What are the problems, and are there solutions?

  • GUI workflows are hard to reproduce and are heavily used in specific scientific domains (satellite imaging)
  • GUIs are often used when dealing with unsophisticated users
  • Automatic testing with GUI tools is almost impossible
  • Most Screen recording & playback tools only record the absolute coordinates of button clicks and therefore the workflow is not reproducible because the location of GUI elements (buttons, etc.) are generally dependant on screen resolution, operating system language.


  • WebApps offer both great GUIs and easy recording and replaying of GUI events (Javascript)
  • Use GUI applications that create detailed log files
  • Use more “intelligent” screen recording and playback tools, for example tools that do image processing analysis to “figure out” locations of buttons etc.
  • If this is not possible then use screen recording with annotations so reviewers can at least see what you did

As a programmer

  • Use GUI toolkits that have easy event tracking and event injection
  • Contribute scripting/macro interfaces to open source GUI applications
  • Develop and publish tools that can read and visualize log files created by popular GUI programs


What further work could be done, and who should do it (make a pledge)?

  • The SSI should publish top tips on which screen recording tools can be used for reproducibility
  • Write a blog post about which geographical science GUI tools offer better reproducibility features than others

Hackathon ideas

  • Live Experiment: Do a screen recording with annotations of a complex task in a GUI application and test if a novice user can reproduce the task by watching only the recording
  • Create tools that do image analysis on screen recordings and automatically log button clicks, GUI field inputs into a human readable text form

Are there any useful resources that people should know about?

TimeSnap, creates a png every 20 sec enables you to look back at what you did.

How do good software development practices aide reproducible research?

What are the five most important things learnt during this discussion:

  • General: lots of s/w devs, a few researchers, and some difference about what the question was actually asking.
  • Agile practices can be applied to research activities (TDD) "progress in small steps; use test cases to confirm requirement"
  • Plan and set up your working environment, as you would a lab.
  • Most of the useful tools already exist, just not always known about or accessible or used -> not in the culture
  • Have a clear plan and approach for conducting the research process.
  • Infrastructure provision and support can be a severe obstruction.

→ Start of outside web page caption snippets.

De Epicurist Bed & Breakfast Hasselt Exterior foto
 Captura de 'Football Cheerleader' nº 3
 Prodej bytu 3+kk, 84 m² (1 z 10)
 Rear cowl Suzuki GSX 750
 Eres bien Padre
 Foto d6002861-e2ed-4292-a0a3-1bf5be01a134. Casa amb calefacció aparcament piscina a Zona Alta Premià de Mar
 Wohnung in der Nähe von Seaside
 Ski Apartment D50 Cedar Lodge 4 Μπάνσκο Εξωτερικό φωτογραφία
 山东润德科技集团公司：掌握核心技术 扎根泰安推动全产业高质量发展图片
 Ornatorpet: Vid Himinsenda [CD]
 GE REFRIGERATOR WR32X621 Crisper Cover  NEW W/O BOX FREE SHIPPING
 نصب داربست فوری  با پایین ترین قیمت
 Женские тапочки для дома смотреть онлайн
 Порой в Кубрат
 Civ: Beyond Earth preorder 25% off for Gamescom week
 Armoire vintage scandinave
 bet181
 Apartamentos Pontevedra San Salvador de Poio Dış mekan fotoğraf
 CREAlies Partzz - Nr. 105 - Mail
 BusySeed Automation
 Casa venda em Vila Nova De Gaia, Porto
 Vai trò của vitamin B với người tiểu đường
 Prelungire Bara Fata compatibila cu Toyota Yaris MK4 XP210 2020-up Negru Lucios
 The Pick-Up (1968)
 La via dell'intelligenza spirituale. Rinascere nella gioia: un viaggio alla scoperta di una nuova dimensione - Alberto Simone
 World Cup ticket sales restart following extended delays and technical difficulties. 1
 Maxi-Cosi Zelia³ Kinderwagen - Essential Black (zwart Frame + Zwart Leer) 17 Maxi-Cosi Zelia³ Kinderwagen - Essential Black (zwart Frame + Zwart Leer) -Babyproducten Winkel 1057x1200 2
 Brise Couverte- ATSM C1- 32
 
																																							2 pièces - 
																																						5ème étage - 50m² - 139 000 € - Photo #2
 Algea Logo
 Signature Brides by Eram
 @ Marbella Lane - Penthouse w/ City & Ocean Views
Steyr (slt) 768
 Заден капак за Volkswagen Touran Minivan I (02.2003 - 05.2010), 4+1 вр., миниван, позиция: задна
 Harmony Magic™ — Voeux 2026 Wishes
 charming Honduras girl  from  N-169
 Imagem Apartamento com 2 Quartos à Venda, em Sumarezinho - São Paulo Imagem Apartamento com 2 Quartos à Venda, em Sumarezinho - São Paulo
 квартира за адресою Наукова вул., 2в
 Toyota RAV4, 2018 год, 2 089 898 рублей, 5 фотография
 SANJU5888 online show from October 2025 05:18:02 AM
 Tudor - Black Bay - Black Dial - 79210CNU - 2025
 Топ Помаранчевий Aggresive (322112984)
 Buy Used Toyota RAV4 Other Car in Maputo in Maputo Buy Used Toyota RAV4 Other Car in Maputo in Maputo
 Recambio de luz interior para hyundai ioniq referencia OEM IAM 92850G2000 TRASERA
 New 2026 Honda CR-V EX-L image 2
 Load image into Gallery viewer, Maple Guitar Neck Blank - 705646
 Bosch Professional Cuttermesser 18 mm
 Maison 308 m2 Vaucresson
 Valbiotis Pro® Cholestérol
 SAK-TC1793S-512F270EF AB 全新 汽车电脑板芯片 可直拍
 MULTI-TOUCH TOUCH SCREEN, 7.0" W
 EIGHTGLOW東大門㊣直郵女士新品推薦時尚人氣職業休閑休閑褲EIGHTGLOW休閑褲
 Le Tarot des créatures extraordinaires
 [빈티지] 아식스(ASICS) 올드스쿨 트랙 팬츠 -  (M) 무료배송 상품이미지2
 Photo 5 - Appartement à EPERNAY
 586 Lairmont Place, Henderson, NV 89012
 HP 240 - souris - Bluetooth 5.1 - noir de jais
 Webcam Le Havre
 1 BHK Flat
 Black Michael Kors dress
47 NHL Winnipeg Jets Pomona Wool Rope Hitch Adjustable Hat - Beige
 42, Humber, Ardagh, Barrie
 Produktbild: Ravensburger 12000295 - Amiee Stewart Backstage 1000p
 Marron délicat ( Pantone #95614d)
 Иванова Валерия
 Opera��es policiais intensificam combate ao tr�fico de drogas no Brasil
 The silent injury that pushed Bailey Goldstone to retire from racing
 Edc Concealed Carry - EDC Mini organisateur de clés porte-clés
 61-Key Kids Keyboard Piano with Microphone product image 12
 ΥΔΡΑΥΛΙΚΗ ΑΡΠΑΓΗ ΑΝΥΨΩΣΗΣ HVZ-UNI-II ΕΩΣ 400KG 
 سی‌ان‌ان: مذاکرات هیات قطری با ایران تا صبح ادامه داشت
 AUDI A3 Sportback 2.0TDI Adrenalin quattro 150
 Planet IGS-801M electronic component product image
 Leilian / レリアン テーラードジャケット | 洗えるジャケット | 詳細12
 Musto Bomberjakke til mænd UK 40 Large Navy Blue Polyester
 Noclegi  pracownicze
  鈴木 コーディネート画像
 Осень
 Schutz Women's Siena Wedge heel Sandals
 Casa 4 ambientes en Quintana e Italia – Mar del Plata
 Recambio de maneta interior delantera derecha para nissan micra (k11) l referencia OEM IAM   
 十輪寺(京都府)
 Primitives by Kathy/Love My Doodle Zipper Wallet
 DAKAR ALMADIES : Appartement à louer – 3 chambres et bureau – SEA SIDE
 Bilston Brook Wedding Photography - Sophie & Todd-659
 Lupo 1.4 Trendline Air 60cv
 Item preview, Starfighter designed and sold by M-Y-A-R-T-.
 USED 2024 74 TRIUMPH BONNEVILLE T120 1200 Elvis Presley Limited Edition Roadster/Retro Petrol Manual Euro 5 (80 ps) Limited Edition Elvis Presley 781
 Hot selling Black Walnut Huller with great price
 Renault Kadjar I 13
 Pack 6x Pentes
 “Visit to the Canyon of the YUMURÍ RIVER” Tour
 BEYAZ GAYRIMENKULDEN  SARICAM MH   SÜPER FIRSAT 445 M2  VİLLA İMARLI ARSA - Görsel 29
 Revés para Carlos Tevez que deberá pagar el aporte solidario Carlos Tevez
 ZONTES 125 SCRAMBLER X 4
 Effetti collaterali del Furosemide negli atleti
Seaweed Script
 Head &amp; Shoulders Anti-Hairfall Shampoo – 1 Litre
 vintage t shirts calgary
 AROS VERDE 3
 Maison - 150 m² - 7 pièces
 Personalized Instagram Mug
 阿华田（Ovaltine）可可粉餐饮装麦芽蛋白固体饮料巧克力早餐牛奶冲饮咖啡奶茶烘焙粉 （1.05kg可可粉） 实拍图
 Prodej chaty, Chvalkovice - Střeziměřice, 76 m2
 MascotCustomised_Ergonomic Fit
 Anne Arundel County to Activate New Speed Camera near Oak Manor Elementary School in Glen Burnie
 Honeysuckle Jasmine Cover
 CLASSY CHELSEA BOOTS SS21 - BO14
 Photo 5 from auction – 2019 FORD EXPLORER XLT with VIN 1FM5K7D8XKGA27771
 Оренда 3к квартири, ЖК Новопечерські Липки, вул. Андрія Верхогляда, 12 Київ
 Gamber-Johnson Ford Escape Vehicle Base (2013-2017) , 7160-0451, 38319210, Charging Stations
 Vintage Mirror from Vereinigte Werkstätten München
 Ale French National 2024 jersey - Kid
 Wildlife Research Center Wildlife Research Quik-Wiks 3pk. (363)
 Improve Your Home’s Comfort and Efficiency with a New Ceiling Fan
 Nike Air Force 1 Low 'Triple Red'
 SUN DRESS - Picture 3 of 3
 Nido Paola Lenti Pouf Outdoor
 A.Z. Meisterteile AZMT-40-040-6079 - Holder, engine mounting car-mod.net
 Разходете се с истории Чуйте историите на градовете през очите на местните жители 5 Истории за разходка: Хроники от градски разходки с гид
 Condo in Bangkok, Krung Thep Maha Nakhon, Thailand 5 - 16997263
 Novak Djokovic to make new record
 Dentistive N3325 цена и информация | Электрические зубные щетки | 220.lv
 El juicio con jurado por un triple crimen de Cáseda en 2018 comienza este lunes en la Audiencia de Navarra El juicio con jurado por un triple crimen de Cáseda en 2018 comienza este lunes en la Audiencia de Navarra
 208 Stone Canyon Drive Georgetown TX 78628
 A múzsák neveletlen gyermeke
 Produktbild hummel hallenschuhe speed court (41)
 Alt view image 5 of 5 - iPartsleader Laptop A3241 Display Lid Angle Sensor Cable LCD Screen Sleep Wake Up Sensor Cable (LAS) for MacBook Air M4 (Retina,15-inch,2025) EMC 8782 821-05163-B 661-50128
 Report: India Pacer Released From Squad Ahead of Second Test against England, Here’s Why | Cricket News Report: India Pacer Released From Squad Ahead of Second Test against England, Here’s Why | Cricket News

What are the problems, and are there solutions?

What are best practices?

  • automate as much as possible
  • provenance tracking (version management and tracking)
  • testing
  • modular design
  • iterative

Problems of versioning tracking large files.  (e.g. 44G output files).

  • open source...
  • tutorials
  • easy to deploy code
  • clear dependencies (enforced)
  • packaging (research objects)
    •   keeping multiple output files together
    •   provenance
    •   use file structures (shared on servers, dropbox, etc.)
  • issue tracking, planning support, etc (TRAC, etc.)

What practices from TDD could support research.  TDD ensures tests get written.  Reduce gear, increase confidence that progress is being made.  Automatic verification of expected results is a very important tool to ensure unexpected errors are not creeping in.

What further work could be done, and who should do it (make a pledge)?

  • have researchers involved in common software management practices
  • software carpentry
  • resist the pressure "just hack it" - the job's not done until it's done.  -> reward structures are wrong.
  • pursue research object agenda

Pledge (GK) creating software to support creation of research objects
Pledge (RH) write TDD module for software carpentry

Are there any useful resources that people should know about?

- software carpentry
- github, etc. (versioning)
- CI services
- TRAC, GitHub (for planning and issues and document, version tracking interface)  Need to be aware of jurisdiction issues.